The seminar was quite critical of the public-private-partnership model of development proposed by the Planning Commission as part of XI Plan. It proposed an alternate model for public-private-partnership that would promote the use of private assets for public purposes rather than private appropriation of public assets. The central government should be prevailed upon to enact a central legislation empowering the states to regulate private unaided institutions in higher and technical education and to define minority rights in education in accordance with the constitutional principles of equality and secularism so as to effectively intervene against the misuse of minority rights by dominant minorities within religious and linguistic minority communities.
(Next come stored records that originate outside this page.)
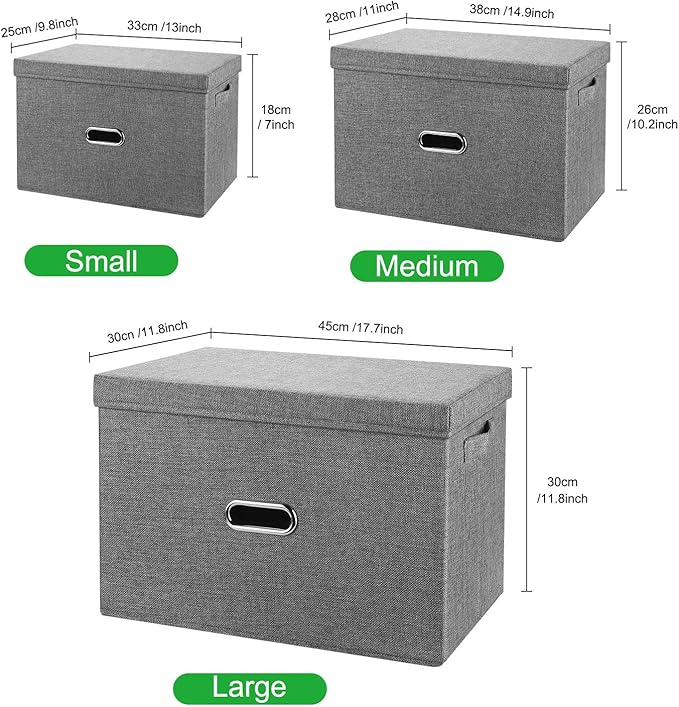 Linen Fabric Collapsible Storage Bins with Removable Lids and Handles, Washable Storage Box Containers Baskets Cube with Cover for Bedroom,Closet,Office,Living Room,Nursery (Green, Small)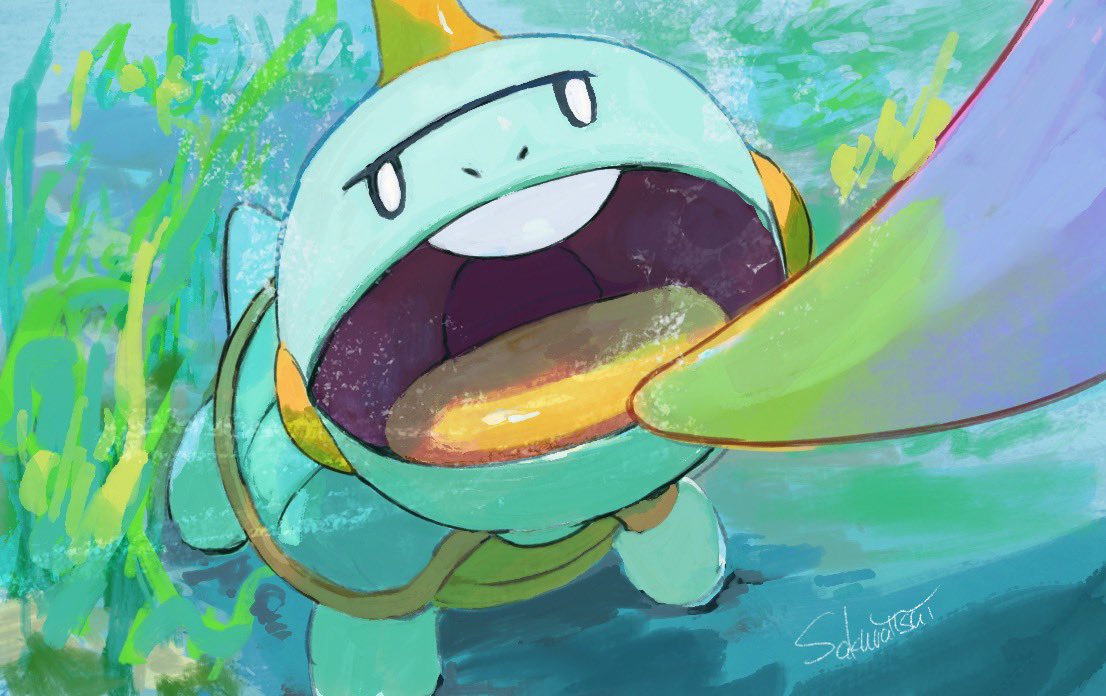 sakuraiisui, chewtle, galarian slowpoke, nintendo, pokemon, animal focus, galarian form, gen 8 pokemon, no humans, nostrils, open mouth, pokemon (creature), pokemon focus, tail, teeth, tongue, turtle, upper teeth only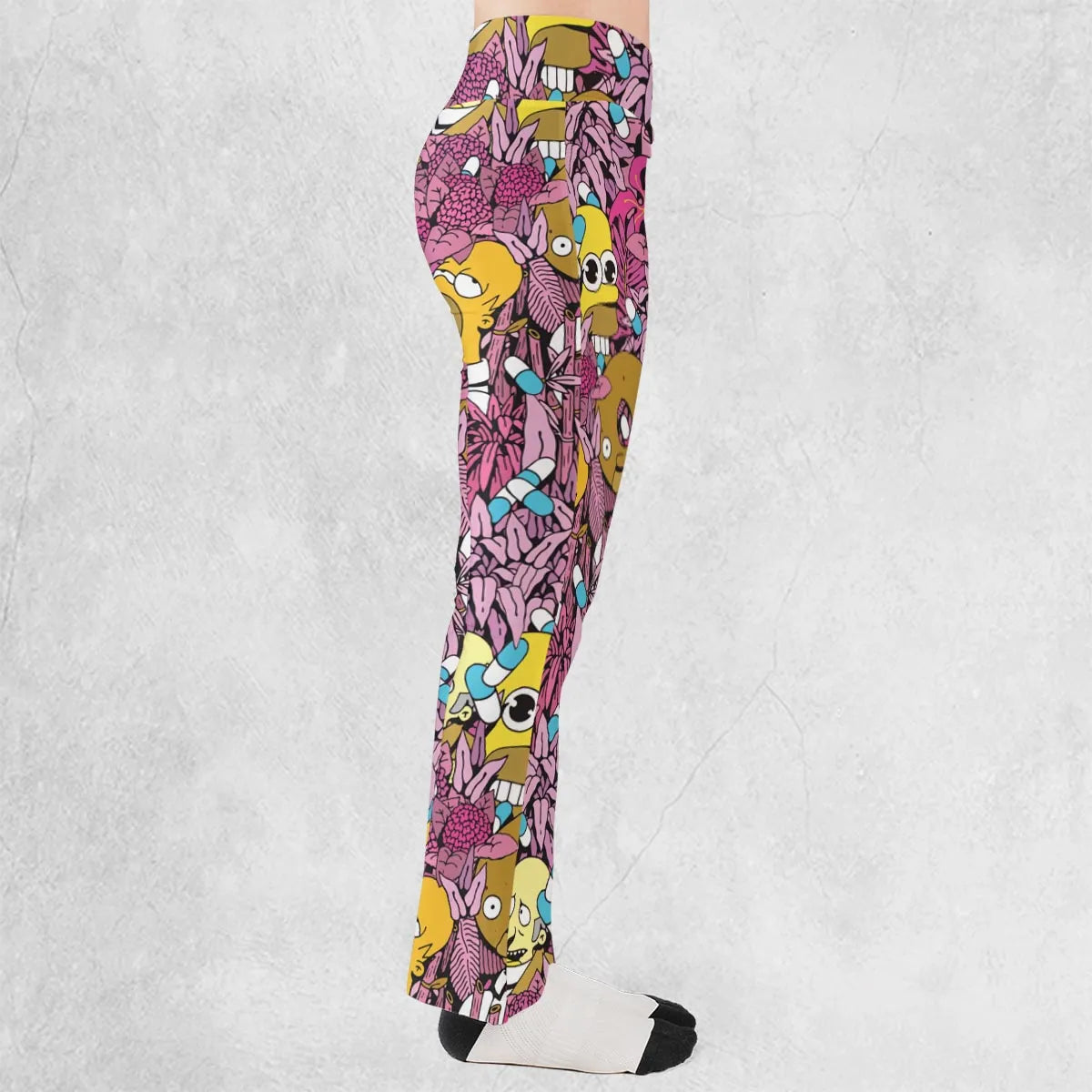 Homer Simpson In Flower Bush The Simpsons Flare Leggings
The government should prevail upon the central government for the establishment of centrally funded research level institutions, which could have a catalytic effect on improving the quality of education in the state. The government should insist that the Right to Education bill be passed in the next session of the parliament, after broadening its scope to include also children between the ages of zero to six and fourteen to eighteen and to make it obligatory on the central government to bear the entire additional expenses involved on this account.

The government has to take positive steps to protect and strengthen the democratic rights of all participants in education, including students, teachers and parents, managements and society at large and ensure at the same time that they also contribute their share towards the building up of the social enterprise of education on a collaborative rather than competitive platform.

The government should also initiate steps to revise the regulatory framework relating to the governance of educational institutions, in such a way as would combine autonomy with accountability in order to enable them to fulfill their educational objectives and social obligations. The long term project of establishing a transformative education system which could usher in a truly inclusive society, which is inclusive of all classes and creeds and gender and ensure sustainable development should also be initiated by the present government, by taking the first steps towards introducing the neighborhood school system and establishment of collaborative learning clusters at the collegiate level.

The seminar calls upon all participants to carry this positive message of the South to the North, to the West and to the East and to all corners of the global village, with a view to transforming its existing relationship of hegemony and exclusion into a new wholesome relationship of harmony and inclusion.